» ACTIVITY
Without the pictures, repeat the listing character for character.

» COLLECTED DATA
* * * *

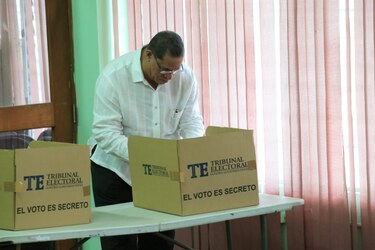 Culto, desayuno y promesas, así arrancaron las primarias del PRD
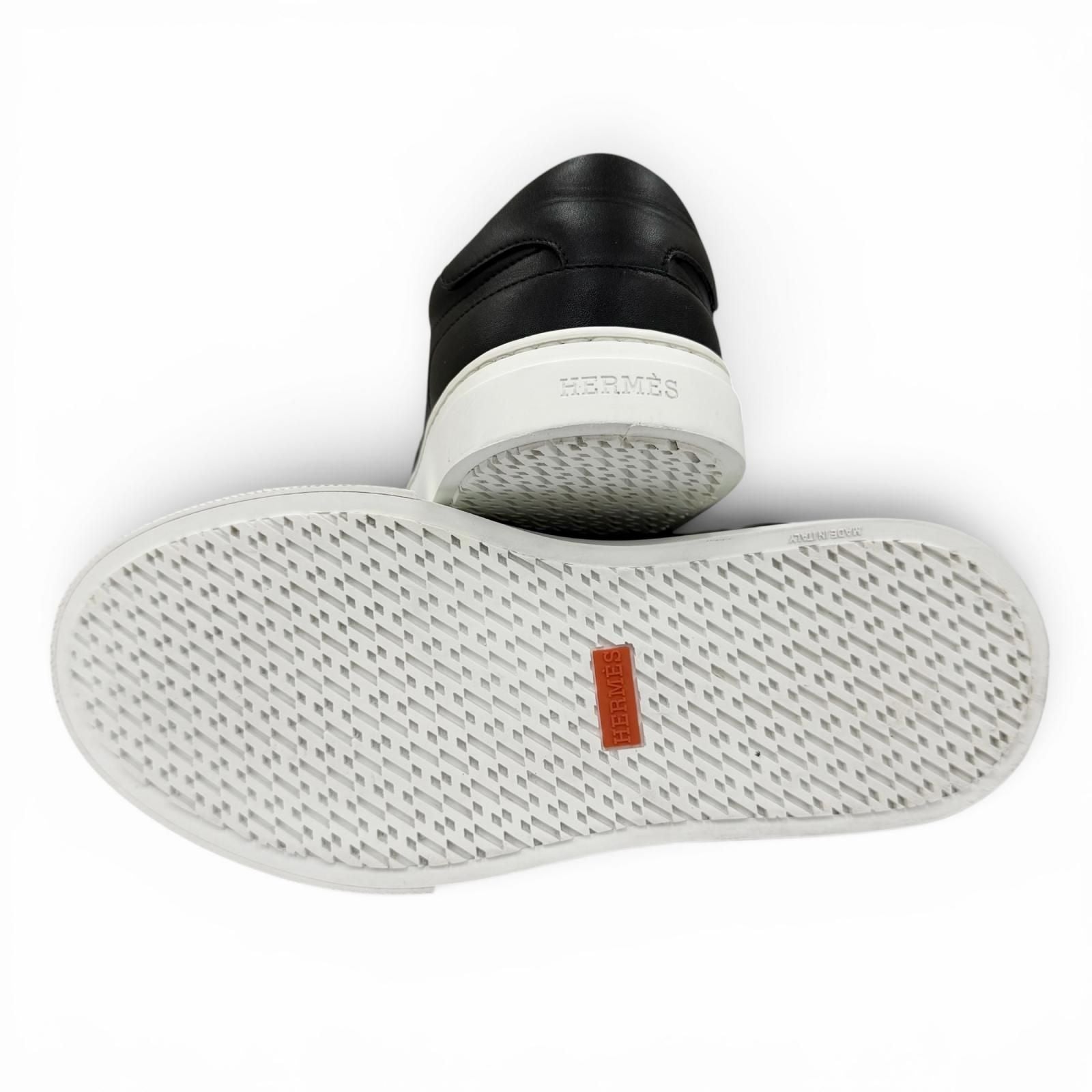 Hermes Day Silver Kelly Buckle Lace Up Leather Low Cut Sneakers Black — view 6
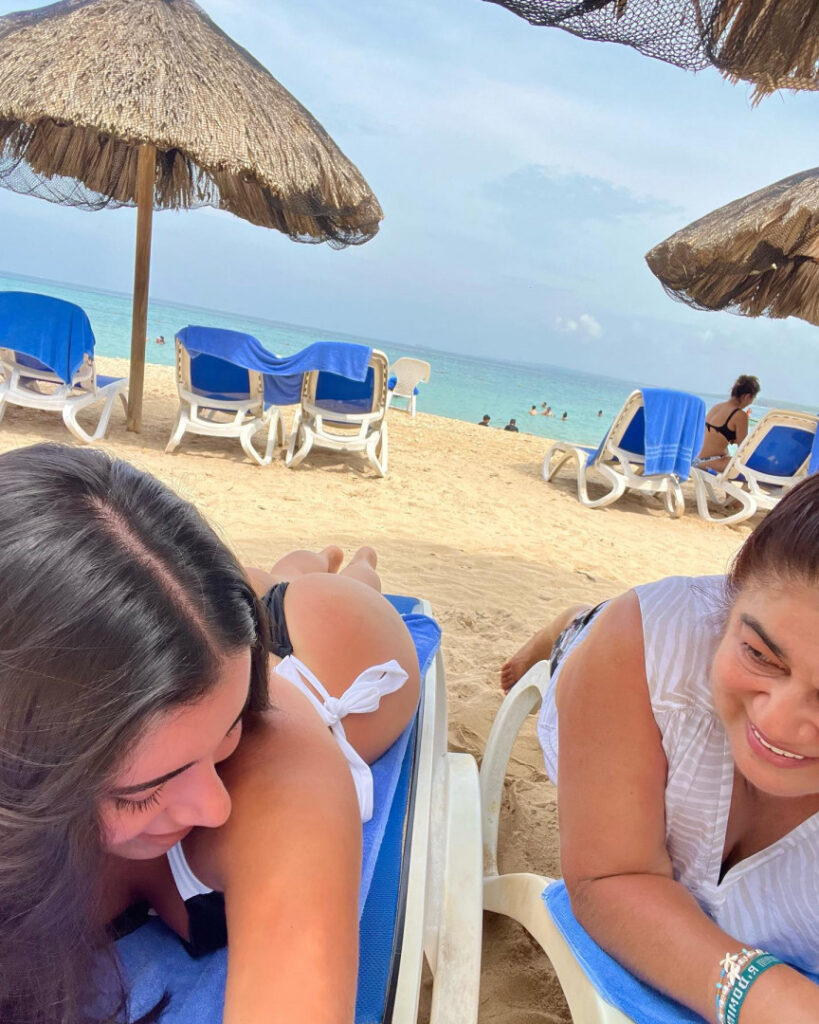 Instagram – Verónica Boyer – Nude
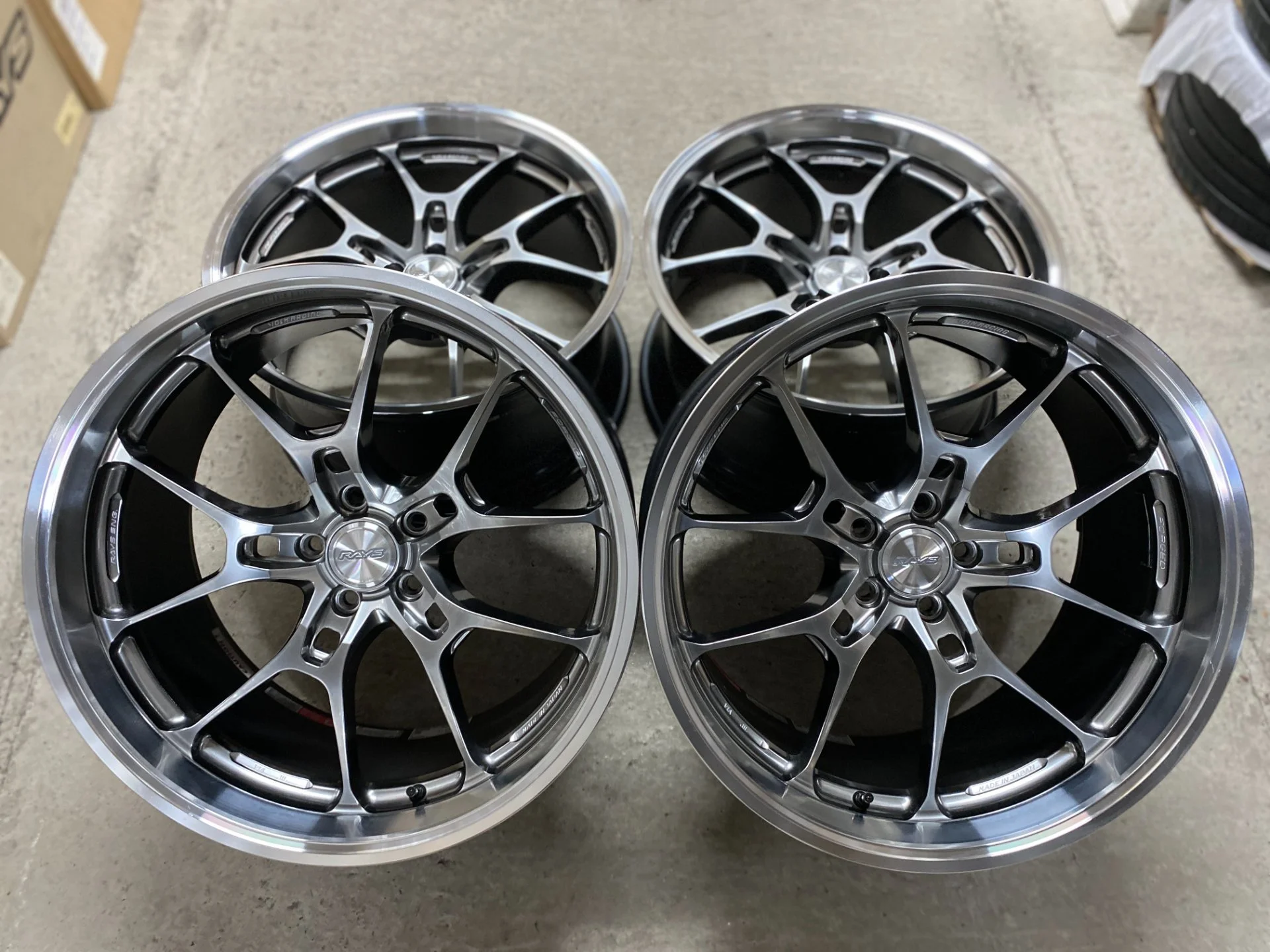 Rays Volk Racing G025LC 20'' 10J ET+15 /11J ET+15 PCD 5*112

* * * *

» ANSWER AREA
 Culto, desayuno y promesas, así arrancaron las primarias del PRD
 Hermes Day Silver Kelly Buckle Lace Up Leather Low Cut Sneakers Black — view 6
 Instagram – Verónica Boyer – Nude
 Rays Volk Racing G025LC 20'' 10J ET+15 /11J ET+15 PCD 5*112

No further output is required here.